# Homemade cultured butter and buttermilk



## biarine (Dec 10, 2017)

I just made a cultured butter and buttermilk for my Christmas cakes and minced pies.


----------



## Misschief (Dec 10, 2017)

I love cultured butter! And the buttermilk is SO much better than the store bought stuff.


----------



## biarine (Dec 11, 2017)

Misschief said:


> I love cultured butter! And the buttermilk is SO much better than the store bought stuff.





Yes me too and not really hard to do. They taste much better than store bought.


----------



## MullersLaneFarm (Dec 30, 2017)

What did you use for a culture?  I've only made butter using cream lifted from the top of raw milk.


----------



## lsg (Dec 30, 2017)

I use sweet cream for my butter, too.  For cultured buttermilk, I use a dry culture   https://www.cheesemaking.com/shop/buttermilk-ds-culture-5-pack.html
You can keep your buttermilk supply going by adding about 1/4 cup of the old buttermilk to your new milk and let it set outside the refrigerator for a while.


----------



## Misschief (Dec 30, 2017)

I made mine with yogurt as a starter. One quart of heavy/whipping cream with 3 Tbsp yogurt with live culture, let it sit in a warm place for 24 hours and proceed. Simple and so tasty! This is the "recipe"/method I used: https://leitesculinaria.com/87988/writings-homemade-butter-recipe.html


----------



## MullersLaneFarm (Dec 31, 2017)

Love New England Cheese Making!  Used their mesophilic & thermophilic cultures when we had our Jersey for making hard cheeses.

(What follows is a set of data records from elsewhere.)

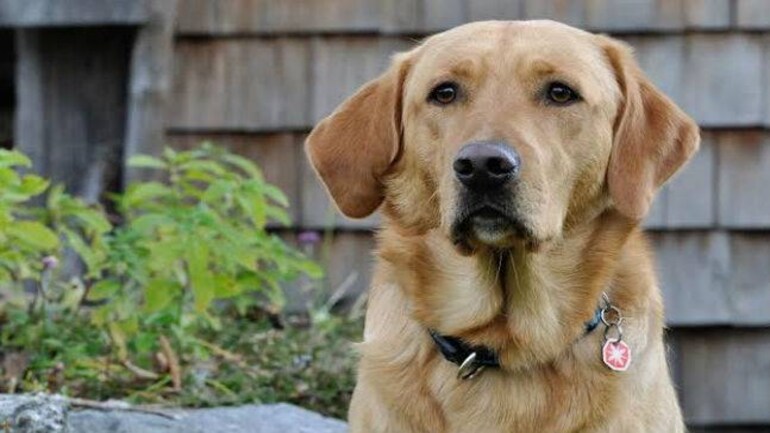 Top 8 Jobs For Animal Lovers Education Today News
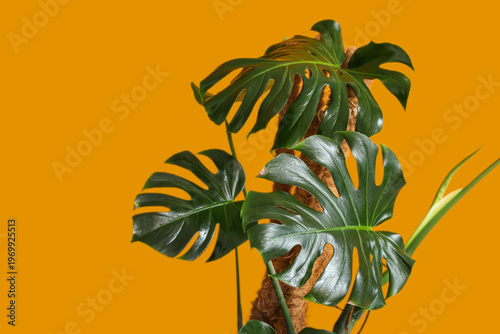 Beautiful Monstera leaves o...
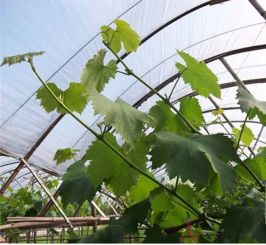 果樹(shù)夏季修剪關(guān)鍵 桃樹(shù)栽培中八項(xiàng)核心技術(shù)解析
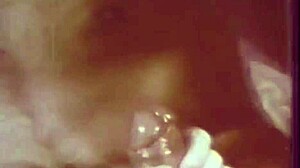 Dark Lantern Entertainment Presents The Sins Of Our Step Mothers From My Secret Life The Erotic Confessions Of A Victorian English Gentleman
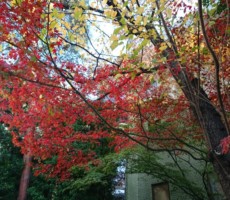 通勤途中に紅葉狩り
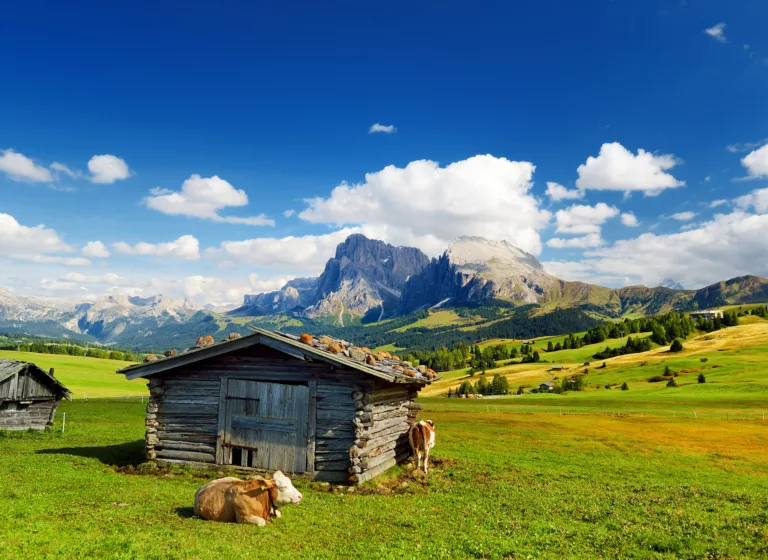 View of Alpe di Siusi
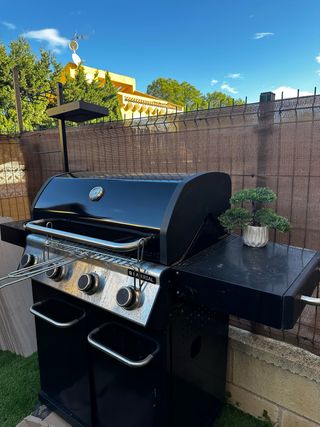 Barbacoa de gas negra y plateada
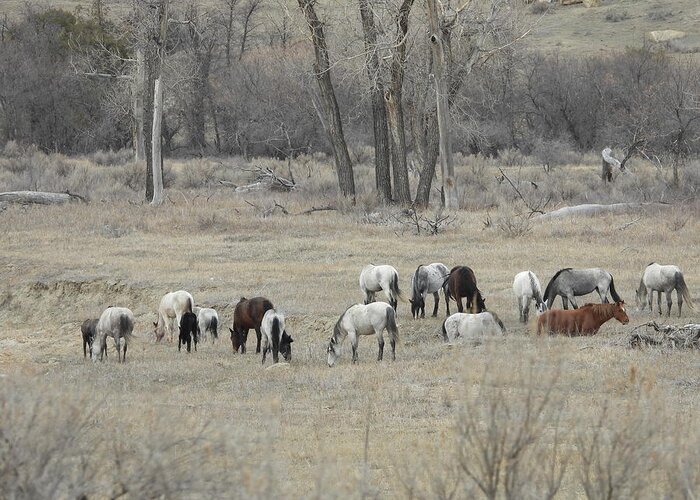 Wild Horses Greeting Card featuring the photograph Wild Horse Herd 1 by Amanda R Wright
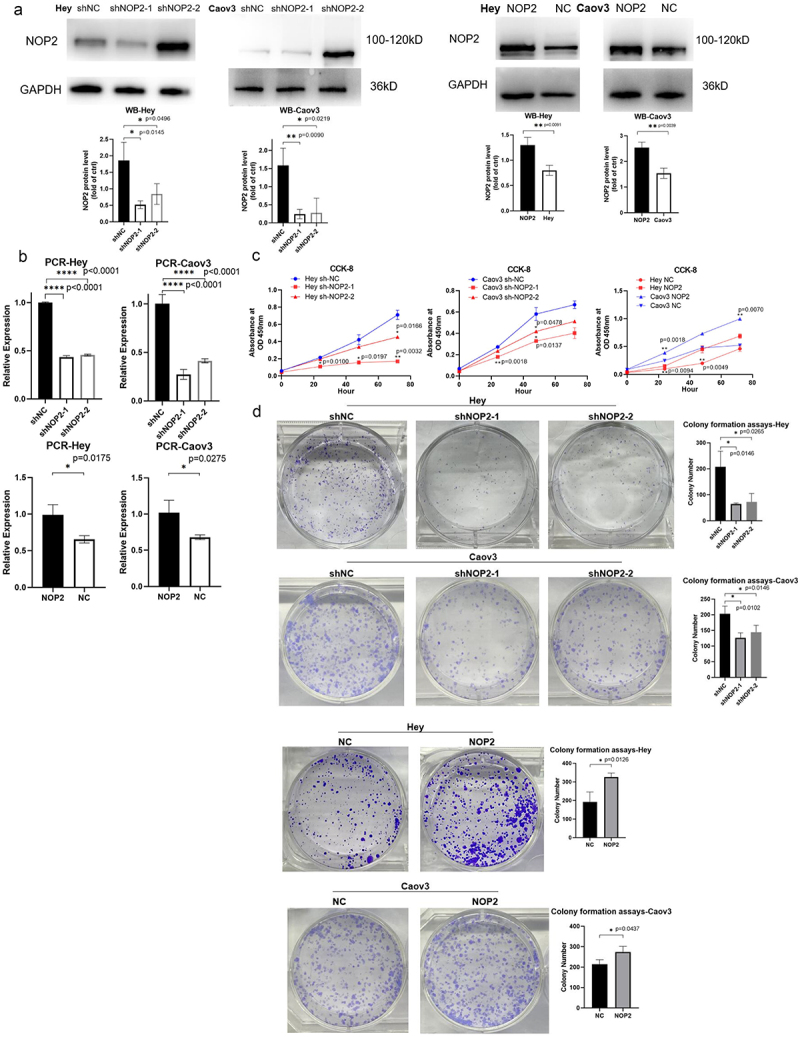 Function of m<sup>5</sup>C RNA methyltransferase NOP2 in high-grade serous ovarian cancer.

I guess we 'cultured' our cream before making it into butter by letting it sit overnight on the counter.


----------



## biarine (Jan 4, 2018)

Very interesting all different types of process in butter or cheese making.


----------



## isha (Jan 4, 2018)

I make mine the same way

Do u think its a good idea to make soap with sour buttermilk?? 
 Full water replacement or half?? 



isha said:


> View attachment 27028
> 
> Okay so the rectangle once went into refrigeration n have light n bright colours
> The coloured one is turmeric mix..
> ...


 


MullersLaneFarm said:


> What did you use for a culture?  I've only made butter using cream lifted from the top of raw milk.


----------



## MullersLaneFarm (Jan 5, 2018)

isha said:


> I make mine the same way
> 
> Do u think its a good idea to make soap with sour buttermilk??
> Full water replacement or half??




Well, I'm a milk soaper sooooo .... Absolutely! I've used many things I've made from our Jersey milk as Full replacement in my lye solution, including soured buttermilk.  (including kefir, failed yogurt, and whey).

I don't mix the lye into my frozen, chunked up milk product slowly, rather I have my oils ready and waiting before messing with the lye solution.

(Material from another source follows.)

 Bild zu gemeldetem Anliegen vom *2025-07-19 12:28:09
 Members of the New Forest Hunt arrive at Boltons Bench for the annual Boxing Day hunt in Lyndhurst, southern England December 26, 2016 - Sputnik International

I weigh out my milk product first. I freeze it in gallon zipper bags that have frozen on their side. The milk product is chunked up into 1 inch or less chunks.

Only when all my oils have been weighed, the solid oils melted & liquid oils added to them, do I turn my attention back to the lye solution.

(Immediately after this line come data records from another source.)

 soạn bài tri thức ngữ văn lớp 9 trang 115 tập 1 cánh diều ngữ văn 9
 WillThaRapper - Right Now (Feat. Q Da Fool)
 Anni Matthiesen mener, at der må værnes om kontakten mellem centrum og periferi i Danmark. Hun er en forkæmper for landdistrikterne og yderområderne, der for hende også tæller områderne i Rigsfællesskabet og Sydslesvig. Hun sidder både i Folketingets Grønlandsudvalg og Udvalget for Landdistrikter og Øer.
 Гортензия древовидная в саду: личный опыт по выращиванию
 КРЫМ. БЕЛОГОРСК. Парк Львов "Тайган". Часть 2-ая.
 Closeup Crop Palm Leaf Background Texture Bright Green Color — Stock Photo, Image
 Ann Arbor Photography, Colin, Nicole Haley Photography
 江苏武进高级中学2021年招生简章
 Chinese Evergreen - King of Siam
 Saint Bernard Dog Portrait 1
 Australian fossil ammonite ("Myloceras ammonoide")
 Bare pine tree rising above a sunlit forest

I weigh out my NaOH. I dump about 1/3 of the lye into the chunked milk and stir to get the milk starting to melt, then dump about half the remaining lye into the lye solution, stirring some more, then dumping the remainder.

At this point, there are still plenty of frozen milk chunks.  I use my stick blender to break up the remaining frozen milk and incorporate the lye, making sure the stick blender stays submerged the entire time. (I also wear a full face shield when soaping.)  The lye solution goes _immediately _into the waiting oils.  The whole process takes just a couple minutes. The lye solution is between 70*-80*F (21*-26*C).


----------



## biarine (Feb 2, 2018)

MullersLaneFarm said:


> Well, I'm a milk soaper sooooo .... Absolutely! I've used many things I've made from our Jersey milk as Full replacement in my lye solution, including soured buttermilk.  (including kefir, failed yogurt, and whey).
> 
> I don't mix the lye into my frozen, chunked up milk product slowly, rather I have my oils ready and waiting before messing with the lye solution.
> 
> ...



That’s awesome


----------



## earlene (Feb 2, 2018)

Wow, *MullerLaneFarm*  I think you are the very first person I have ever read or heard about who actually stick blends a lye solution.  It would have never occurred to me to do that.  I probably won't, though.  Although I am not afraid of using lye because my mom taught me to use lye to clean the metal parts of my oven (back when you could easily dismantle an oven and soak the parts in a utility sink full of lye water) when I was quite young.  No, not scared of lye, but as I get older I become more cautious about certain things that hold risk, especially as my coordination changes from that of a svelte youth to that of an old woman.

edit: name correction


----------